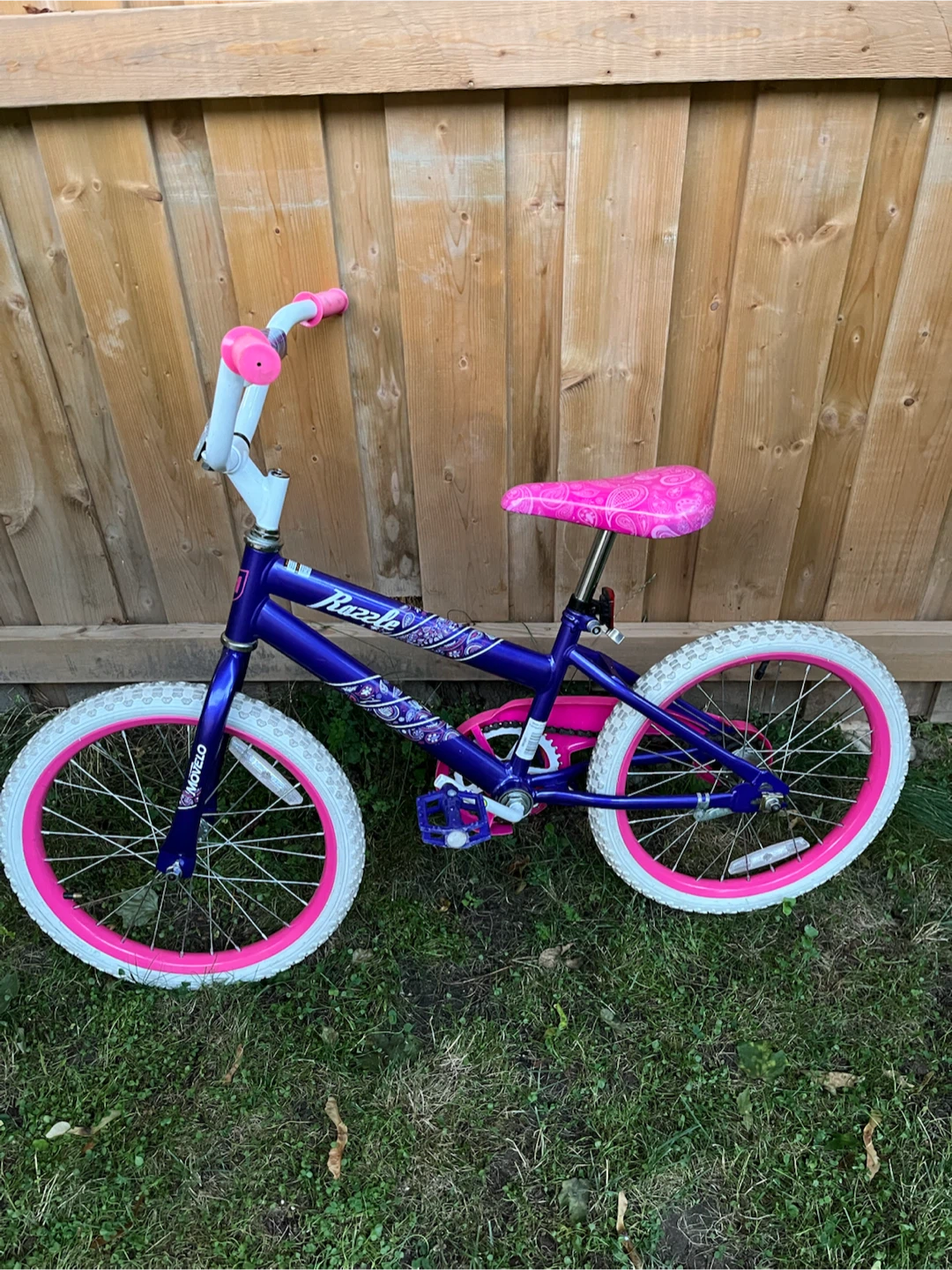 Movelo Razzle Purple Pink White Bicycle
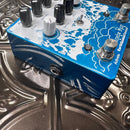 Used EarthQuaker Devices Avalanche Run MKII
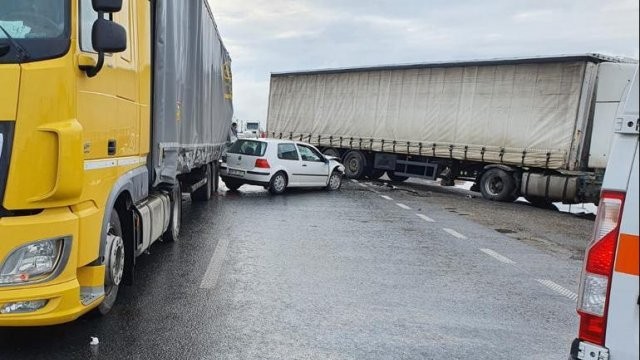 Accident cu două autocamioane și un autoturism, pe DN7, la Vladimirescu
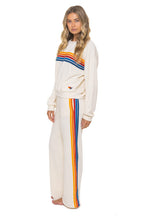 Classic 5 STRIPE RELAXED CREW SWEATSHIRT - VINTAGE WHITE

◆ BRIEF
Everything from the line with "Accident cu două" through the last line of the listing above is to be copied exactly, both ends included, except the pictures.

◆ ANSWER FOR THE TASK
 Accident cu două autocamioane și un autoturism, pe DN7, la Vladimirescu
 Classic 5 STRIPE RELAXED CREW SWEATSHIRT - VINTAGE WHITE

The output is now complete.